Wireless sensor is used to measure and record various environmental properties, such as temperature, pressure, stress, and vibration in the form of electrical signals. Wireless Sensor Networks (WSNs) are a collection of such sensors deployed to sense variations in the physical environmental properties, and transmit data through, wireless networks as shown in Figure 1. These sensors and WSN are an integral part of consumer electronics used for the development of smart cities, smart structures, smart transportation systems, and smart healthcare [6, 27, 31].

Figure 1. Illustration of a Wireless Sensor Network (WSN)

All nodes in WSN communicates with each other via wireless links to share data and information. A sensor node is composed of the sensor, processor, transceiver, and power units. In addition to these functionalities, the WSN sensor nodes have the capability of routing. The routing protocol is the main design goal of any wireless sensor networks. In WSNs, routing protocol depends on according to the selection of network application, WSN structure, and routing strategy. Many more routing protocols are available for WSNs out of that Ad hoc On- Demand Distance Vector (AODV) routing protocol, Destination-Sequenced Distance-Vector (DSDV) routing protocol, and Optimized Link State Routing (OLSR) protocol [5, 9, 11, 19, 23, 26, 29, 30, 33, 34].

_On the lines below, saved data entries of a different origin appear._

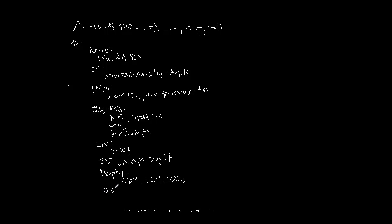Finally, you can say dispo to wherever they're going - SICU, home - and then the parameters for that. And that's about it. Hooray!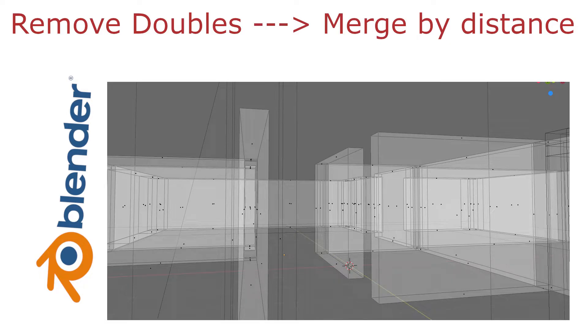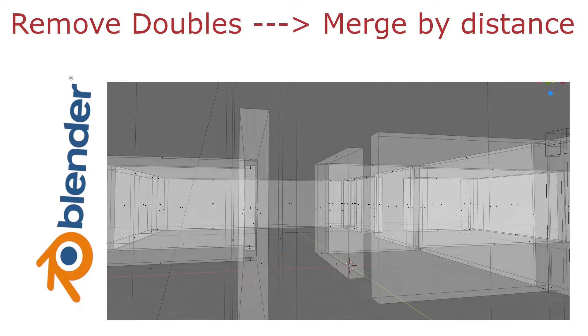Hello, in this video I want to show you a Blender quick tip: how to remove doubles in Blender 2.8. Remove doubles has changed to merge by distance. In Blender 2.7, remove doubles was in the mesh V menu. Let's jump into the video.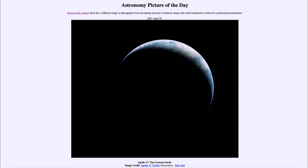So what do we see here? We see an image of our own Earth as taken by the Apollo 17 astronauts as they headed back from the moon back in December of 1972.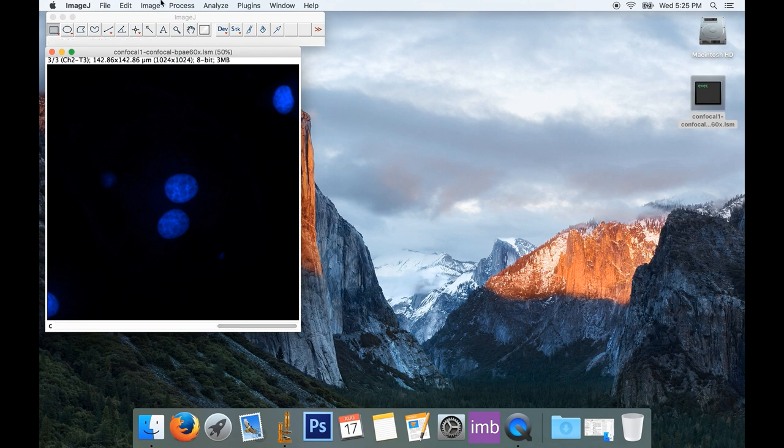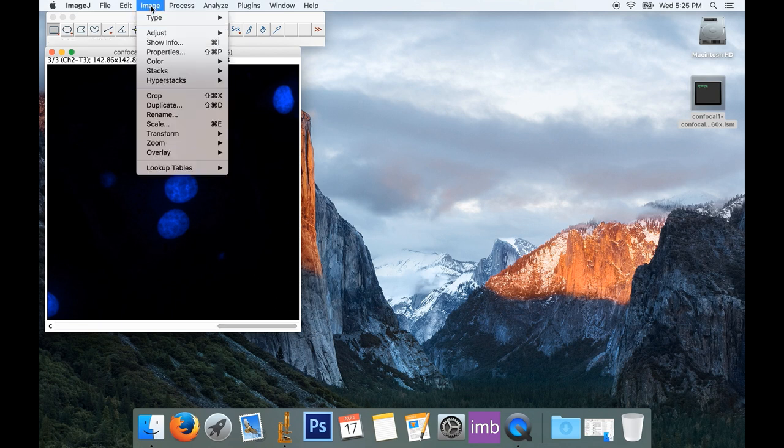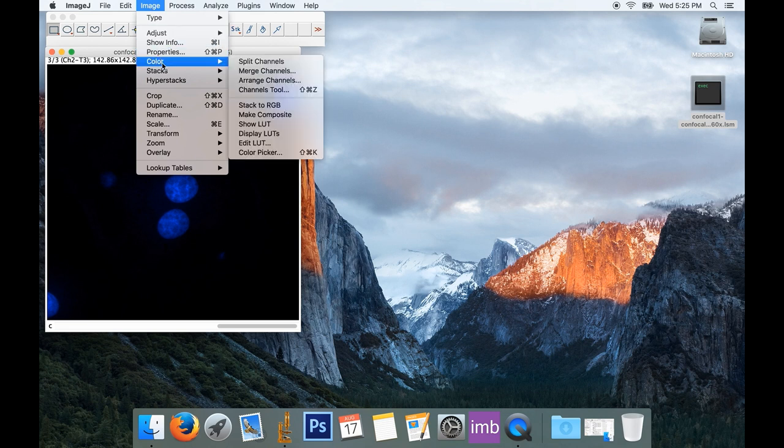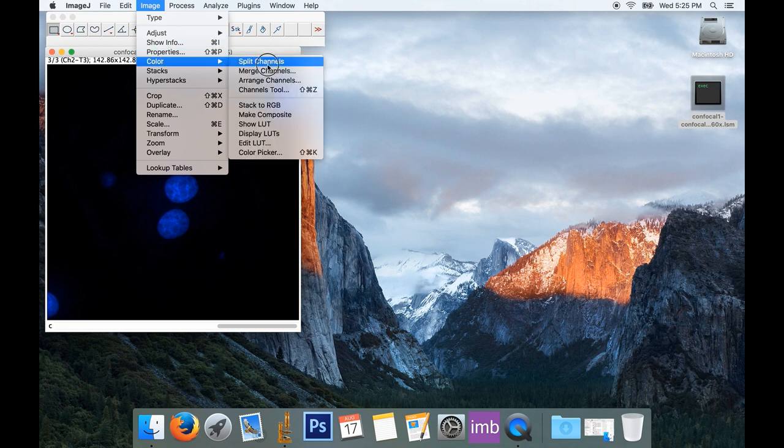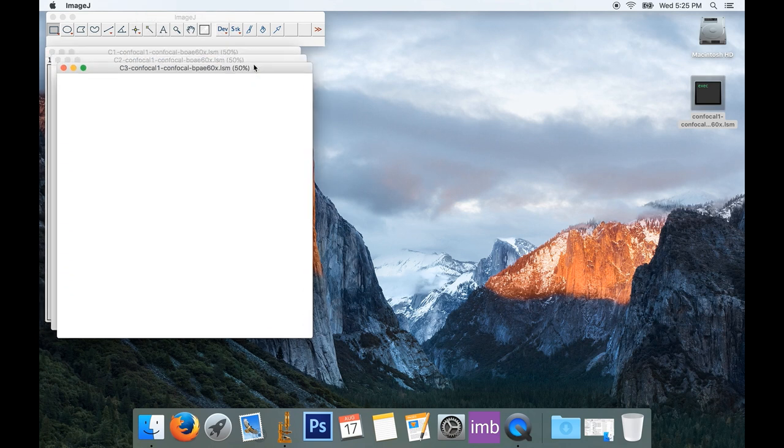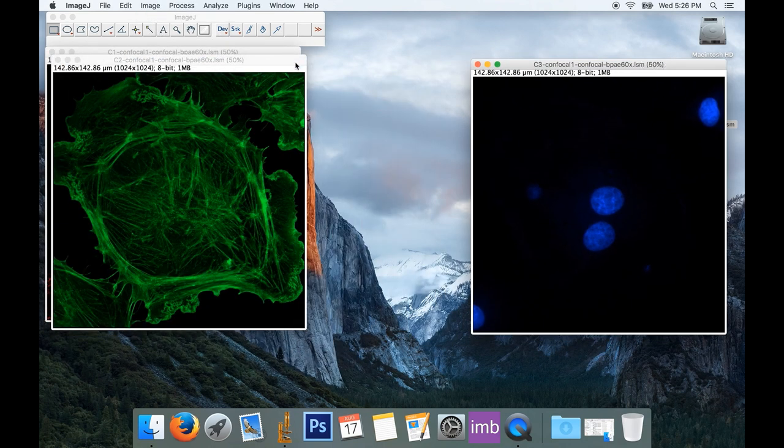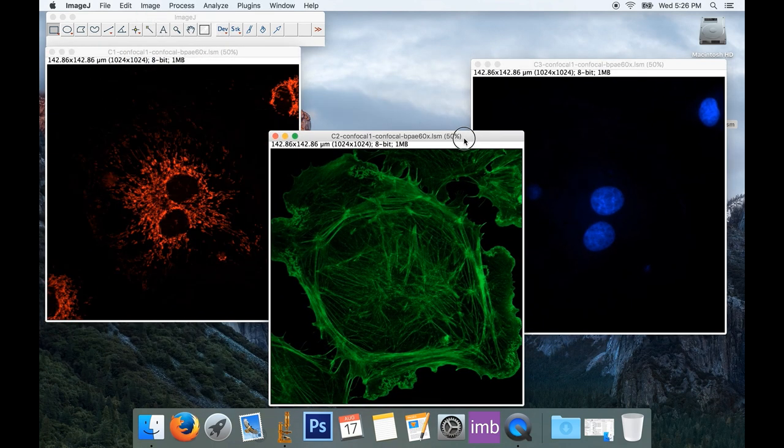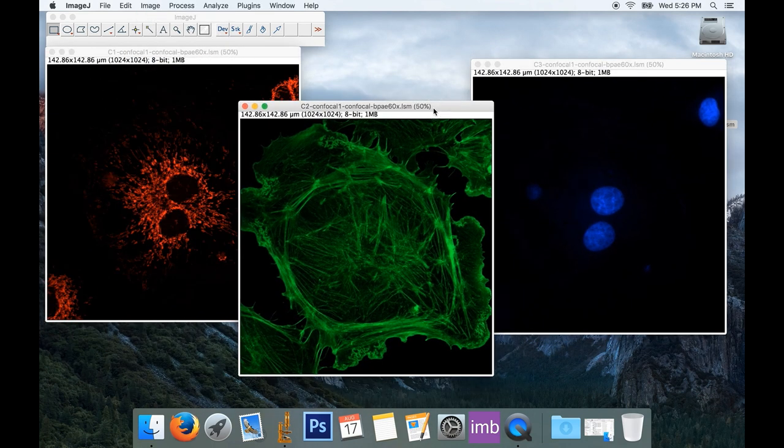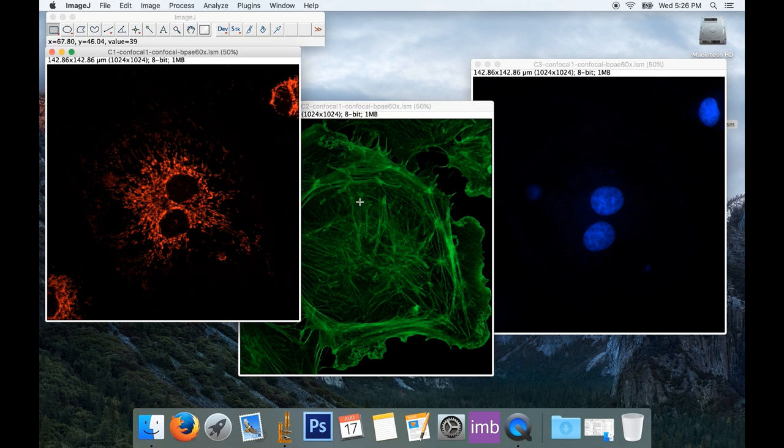So if I go to the menu and choose Image, Color, and Split Channels, you can see it splits my image into the three constituent channels.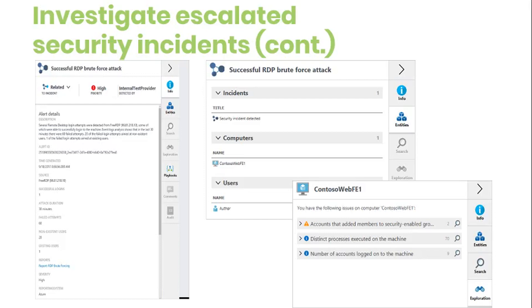The Entity tab displays all the related entities grouped by tag. It is useful in two cases: when there are too many entity assets to present on the graph, and when the entity names are easier to examine in a tabular format.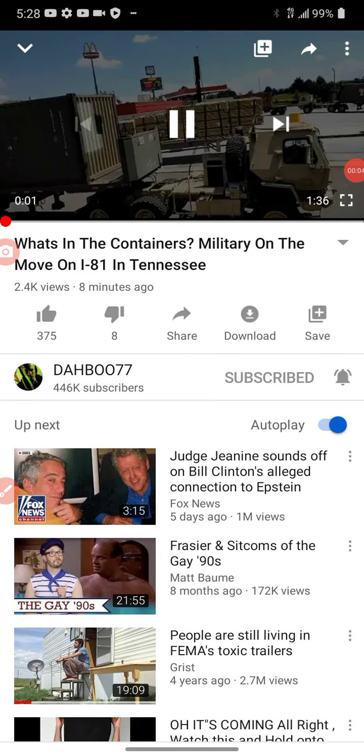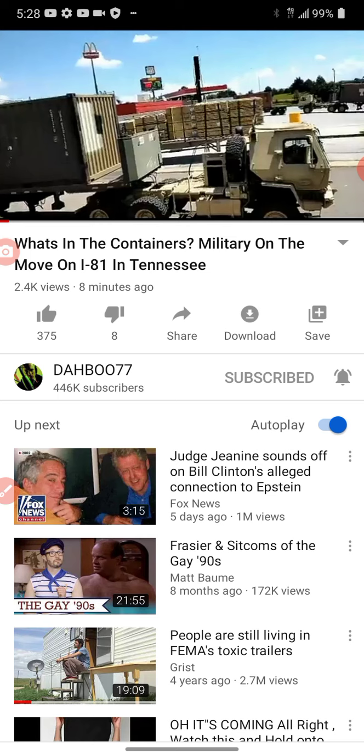This is Dabu7. Just a heads up here for a lot of military movement that has some heads turning and some eyebrows raising. If you have any footage or anything like this, please let me know on Twitter or email me Dabu7 at yahoo.com.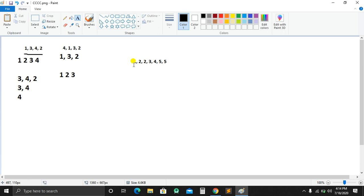So I am going to show you the non-decreasing order. I am going to show you the last one, and I am going to show you the last one again.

Most of WSNs applications require online measurements, sending reliable information, regularly and on time is very important. For that, optimal energy consumption is a crucial problem in WSNs [3, 16, 22, 25]. Delay and link reliability are QoS requirements in WSNs. QoS refers to the capability to provide an assurance that the service requirements of applications can be satisfied. The quality of service parameters (delay and link reliability) are used to measure the WSNs performance [5, 10, 12, 24, 32]. Wireless sensor network is characterized by multi-hop wireless connectivity and frequently changing network topology, therefore required efficient and optimal dynamic routing protocols. AODV routing protocol is a commonly used routing matrix for path discovery in wireless sensor network. The AODV should improve to find optimal shortest path. The proposed routing protocol is extracted from AODV.

The objective of this work is to propose an energy aware routing protocol to detect and avoid high cost metric routing bath. It should help wireless sensor network nodes making intelligent routing and forwarding decisions while extending the lifetime of WSNs.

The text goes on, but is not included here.